Gyeongbokgung is the main palace in Seoul. Gyeongbokgung’s land area is only a tenth of its previous size, as buildings have been sold or destroyed throughout various battles, foreign occupations, and modernization.

Gyeongbokgung throne hall
Gyeongbokgung throne hall

The architecture and decor is rife with symbolism. The throne hall is visually centered. The hall is protected by the Chinese Four Symbols: the white tiger, black turtle, vermillion bird, and azure dragon. The steps that surround the throne room each have a symbol statue. One of the symbols is painted on each of the north, west, south, east gates to the palace grounds. Finally, the mountains and river that surround Seoul each also represent one of the symbols.

Unlike traditional Chinese buildings, the Korean buildings have curved roofs. Also, the support pillars are unequal heights, which gives the appearance that the pillars are equal height. If the pillars were the same height, then an optical illusion would make the pillars appear to be different heights.

Nearby is the Blue House, where the president lives. The building is painted white with a traditional roof in a vibrant blue color (most traditional buildings have green, black, or brown roofs). I would say that security is pretty lax in Seoul, but the Blue House was by far the most secure area. We weren’t even allowed to cross the street to stand outside the gate to the compound.

Also nearby is the Folk Museum, which documents the lifestyle of Koreans before modernization. Historically, there has been a lot of Chinese influence.

Changdeokgung Palace

Changdeokgung Secret Garden
Changdeokgung Secret Garden

Korea no longer has a state-sponsored royal family, but everyone I talked to spoke highly of their past royalty. Except for some familial infighting for succession, the emperors were described as hardworking. They studied history for hours each day, were advised by government officials organized into 18 levels of rankings, and worked themselves to early graves for the benefit of the people.

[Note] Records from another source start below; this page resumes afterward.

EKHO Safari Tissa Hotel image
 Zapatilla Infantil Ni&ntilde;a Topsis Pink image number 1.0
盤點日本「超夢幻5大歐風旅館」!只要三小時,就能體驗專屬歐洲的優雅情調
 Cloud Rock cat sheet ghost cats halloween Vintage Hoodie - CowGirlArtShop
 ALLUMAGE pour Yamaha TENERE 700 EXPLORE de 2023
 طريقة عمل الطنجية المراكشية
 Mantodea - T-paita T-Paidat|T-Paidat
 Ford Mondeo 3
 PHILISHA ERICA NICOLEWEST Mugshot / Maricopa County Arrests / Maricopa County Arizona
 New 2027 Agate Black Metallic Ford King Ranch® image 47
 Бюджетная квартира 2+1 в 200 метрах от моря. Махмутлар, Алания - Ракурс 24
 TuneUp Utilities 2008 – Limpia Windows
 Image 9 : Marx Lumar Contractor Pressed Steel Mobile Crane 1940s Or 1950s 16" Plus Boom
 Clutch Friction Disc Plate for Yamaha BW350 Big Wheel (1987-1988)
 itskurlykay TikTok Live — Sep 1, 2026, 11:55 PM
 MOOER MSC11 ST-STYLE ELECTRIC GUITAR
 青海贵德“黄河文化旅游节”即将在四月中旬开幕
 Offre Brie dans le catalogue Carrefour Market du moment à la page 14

King Sejong is particularly well-regarded. He invented and promulgated the Korean alphabet, Hangul, which was a lot easier to learn than thousands of Chinese characters. Hangul is the only language with a known creator and time of invention.

Historians recorded the history of the royal family. Unlike the Chinese emperor, who would read and edit the written history if desired, the Korean emperor did not change the recorded history. A member of the royal family fell off a horse, and the emperor requested that the historian not record this embarrassing incident. The historical record mentions both the horse incident and the emperor’s request.


Cheonggyecheon is a stream that cuts through the downtown core of the city, below street level. The stream is stocked with fish. Cranes and other birds wade in the shallows. The banks are covered in horsetail grass. It is an oasis of nature in the shadow of skyscrapers.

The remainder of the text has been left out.